Soon thereafter, he teamed with Billy Tauzin – a U.S. representative from Louisiana who, upon leaving office, became president and CEO of PhRMA – to help establish the Partnership For Prescription Assistance, which helps connect uninsured and underinsured people with programs that provide lower-cost medicines. “Billy was on my show talking about his journey with a very, very, very rare form of cancer, and [my involvement] came out of that. The idea for the program had been on the shelf for a while,” Williams recalls, adding, “It happened during a commercial break.”

Williams’ alliance with the industry came as something of a surprise. In the wake of his diagnosis, Williams had become more outspoken about the state of health and medicine in the country. “I was pretty hard on pharma. I did several shows about things I thought were wrong about the system,” he says. However, his tele-tête-à-tête with Tauzin convinced him that he could effect change more quickly working from within.

“The process of getting access to medication was, and is, so daunting, a lot of people didn’t even bother to ask for help,” Williams continues. “The idea was to take out the administrative roadblocks and make things more visible and simple.”

As part of the program’s awareness push, he spent significant time during the aughts traveling around the country with pharma bigwigs. Williams estimates that since the partnership’s creation it has helped 11 to 12 million people receive free or nearly free medicine.

MSSecondAct montel williams

Paired with his patient status, this history of working with pharma made him a natural fit for My MS Second Act, a program launched last October in conjunction with Novartis, the Multiple Sclerosis Association of America and storytelling nonprofit The Moth. Its primary aims are to distinguish among the different forms of MS and encourage patients to share and even celebrate their treatment stories.

Given those goals, it’s no surprise that Williams has thrived as a spokesperson. “He knows through his own disease journey the importance of owning your story and being the one to tell it,” says Leverne Marsh, VP of Novartis’ U.S. neuroscience franchise. “It was important for us to find a partner who strongly believes in the essence of our campaign – to educate about progressing MS and, importantly, empower patients to be more proactive about noticing signs of disease progression.”

For his part, Williams is enthused by the campaign’s potential to activate individuals who, up until now, had suffered in silence. “We become advocates, for ourselves and as a community, by sharing what we’ve gone through,” he says. “All of us suffer differently. I want this to trigger others – like, ‘Hey, that’s something I’m dealing with, too.’”

Williams’ career has not been without its share of controversy, notably a 2007 incident in which he allegedly threatened to “blow up” a teenage newspaper intern who asked pointed questions during a promotional appearance for the Partnership For Prescription Assistance.
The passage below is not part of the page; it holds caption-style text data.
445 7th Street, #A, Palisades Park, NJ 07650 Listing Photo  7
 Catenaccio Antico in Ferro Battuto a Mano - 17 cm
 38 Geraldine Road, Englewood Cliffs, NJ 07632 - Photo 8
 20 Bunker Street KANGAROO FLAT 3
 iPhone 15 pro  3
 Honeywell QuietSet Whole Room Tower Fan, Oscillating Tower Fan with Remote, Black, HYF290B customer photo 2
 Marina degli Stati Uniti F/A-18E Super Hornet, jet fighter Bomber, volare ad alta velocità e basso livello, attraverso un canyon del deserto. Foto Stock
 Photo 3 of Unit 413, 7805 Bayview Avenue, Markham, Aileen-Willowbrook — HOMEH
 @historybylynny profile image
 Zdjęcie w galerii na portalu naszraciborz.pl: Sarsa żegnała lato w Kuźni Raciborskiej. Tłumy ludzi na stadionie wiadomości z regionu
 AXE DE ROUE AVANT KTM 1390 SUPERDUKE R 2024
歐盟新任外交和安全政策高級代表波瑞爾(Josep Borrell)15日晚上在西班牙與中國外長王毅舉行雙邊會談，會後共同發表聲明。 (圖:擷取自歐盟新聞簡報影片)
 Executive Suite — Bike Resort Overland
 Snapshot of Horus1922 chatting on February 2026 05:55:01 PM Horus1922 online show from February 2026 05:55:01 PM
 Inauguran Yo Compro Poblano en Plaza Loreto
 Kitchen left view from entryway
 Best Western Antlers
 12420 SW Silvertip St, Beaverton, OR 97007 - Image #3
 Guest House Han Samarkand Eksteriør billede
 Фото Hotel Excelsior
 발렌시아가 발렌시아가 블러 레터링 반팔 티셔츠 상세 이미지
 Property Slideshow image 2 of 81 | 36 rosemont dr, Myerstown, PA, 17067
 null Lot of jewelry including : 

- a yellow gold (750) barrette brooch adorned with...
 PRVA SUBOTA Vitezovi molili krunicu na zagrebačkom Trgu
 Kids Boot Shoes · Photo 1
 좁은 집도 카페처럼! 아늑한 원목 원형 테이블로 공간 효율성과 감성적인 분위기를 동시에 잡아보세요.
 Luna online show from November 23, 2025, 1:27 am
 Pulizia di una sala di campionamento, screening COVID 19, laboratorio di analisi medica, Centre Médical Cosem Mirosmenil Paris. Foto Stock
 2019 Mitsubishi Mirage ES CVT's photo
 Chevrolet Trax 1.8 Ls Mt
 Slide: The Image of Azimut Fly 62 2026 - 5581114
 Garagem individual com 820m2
At the same time, Williams remains one of the biggest supporters of U.S. military veterans and has presented several plans for VA reform. With the recent launch of his Montel By Select line of CBD and THC products, Williams has drawn on his use of cannabis to treat his MS symptoms. And in his current mission as an MS activist and advocate, he appears to have found a role that taps his empathy, enthusiasm and media savvy in equal parts.

“What’s the expression? ‘There are so many of us who are the least of us,’” he says. “We’ll all be judged in our final days by what we’ve done for the least of us. In my case, that’s not just for people with MS, but people suffering from any plight.”

Williams doesn’t come out and say it, but one senses he would have loved to have availed himself of the opportunities afforded by a program like My MS Second Act following his long-delayed diagnosis. “I worked really hard to hide my symptoms. I didn’t want people to see my limp. I dealt with that,” he continues. “This program gives us an honest way to share our understanding of the challenges [that come with MS]. Rather than give in to the narcissism of the day, you can be part of a community reaching out to help others.”